As a manager this can help you to save a lot of cost to use in other areas of your business. So if your rough estimate budget was $50,000. Next when you execute activity based costing your real budget should be $30,000.
You can then use that $20,000 in other operations in your company. It could also prevent you from under-budgeting which can slow up progress if that should happen because you wouldn’t have enough capital to continue the project.
Lastly activity based costing could also help you to predict future budgets. So for example you are executing a project over a six month period where every week. You are going to review the project’s progress or at each milestone.
Based off of past activity, you can use that to predict the budget of future activities.
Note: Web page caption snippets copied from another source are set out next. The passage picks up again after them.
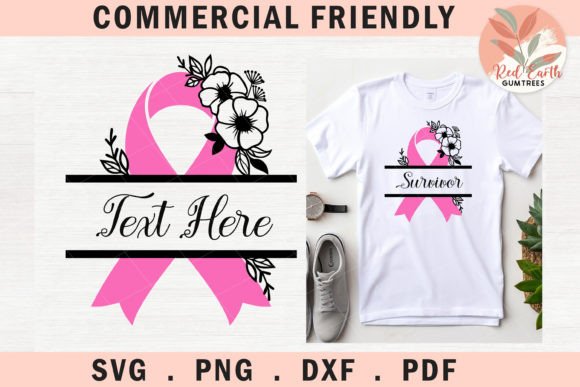 Download Breast Cancer SVG,pink Ribbon Monogram - Gram Collection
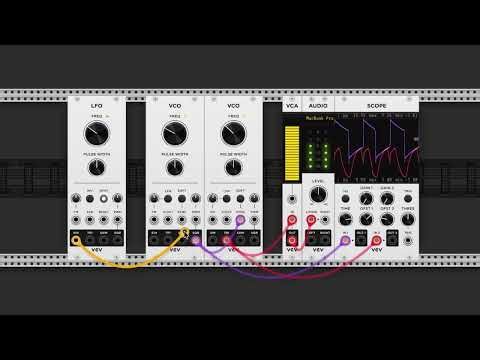 Oscillator Sync (VCV Rack) | Modular Synthesis Patch Study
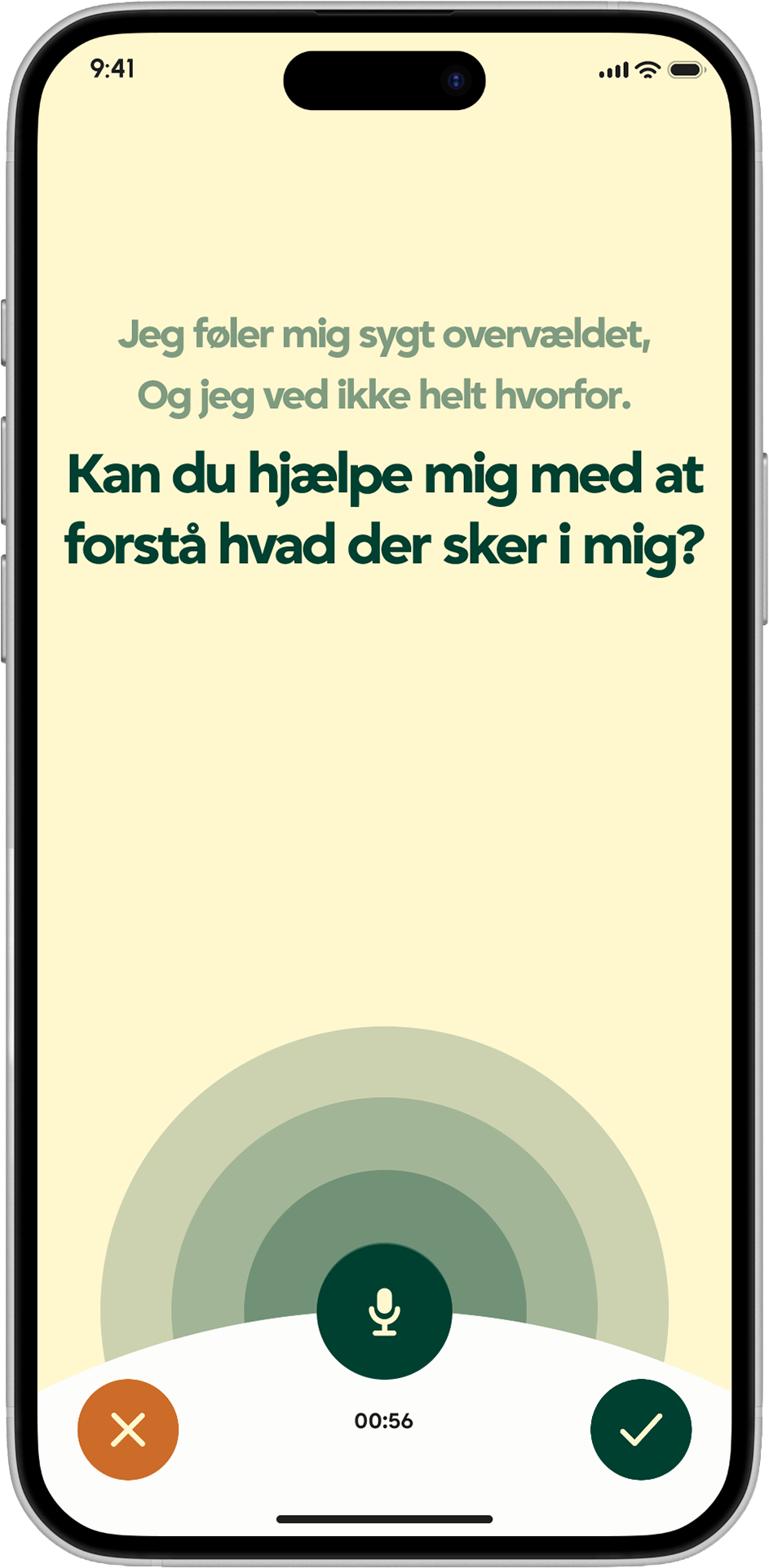 Rolia stemmeoptagelse i gang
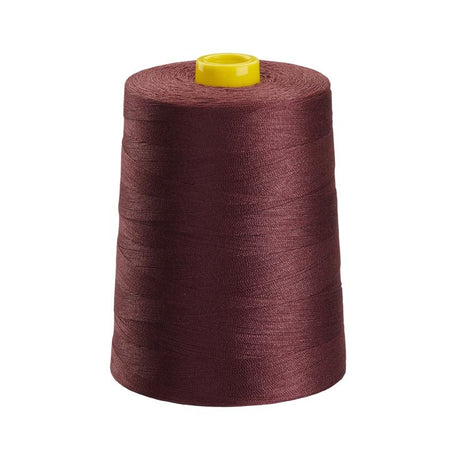 Wine Poly Poly Corespun Sewing Thread - TKT 36 - 4000 mtr Cone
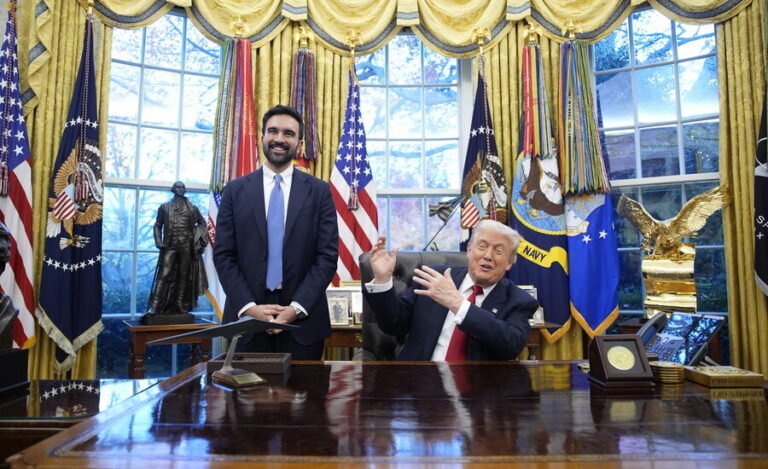 Η απροσδόκητη σύμπνοια Τραμπ – Μαμντάνι: «Συμφωνούμε σε πολύ περισσότερα από όσα θα νόμιζα» – Ο παράγοντας Μπέρνι Σάντερς και η οικονομική πολιτική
Using Excel to create an activity based costing template is pretty simple. Despite the fact that Excel can be a bit hard to use especially for beginners. If you are in the beginner category there is no need to worry because as you can see by looking at the tutorial below you can get this done in a couple minutes.
Activity based costing tutorial guide
This example is going to showcase the cost of activities over a course of four months. You can then use this to predict the activity based cost for the next quarter.
Step 1
First create 5 columns, these are going to be January, February, March, April and quarter 1. Leave the first column empty. In the empty column you are going to have revenue, staff costs, pc costs, admin costs, power, rent, total cost and profit.
Step 2
Most of the work is now done. All you have to do now is enter in the different data. To add up the data to get the value in the total cost column is pretty simple. You are going to use autosum, to do this select all the numbers you want to add up. Next go to home, click on autosum and you’re done your number now is added.
Step 3
To get your profit that must be inserted in the profit column, minus your total cost from your revenue. You can do this by putting the computation in the profit column. In the column you are going start with an equal sign. Followed by the operation then press enter and you will see the value show up (= revenue-total cost). You can see a diagram of the whole activity based costing example below.
As you can see by looking at the tutorial above, it’s pretty simple to create an activity based costing in Excel. If you don’t want to create it yourself, you could even download a template off the internet which a lot of persons have benefited from doing.
You can also find a lot of other layout that you can use. But this method is pretty simple along with the whole layout of the template. You can modify it to your preferences or find other inspiration off the internet because you have a lot of ways to go about organizing your activity based cost template.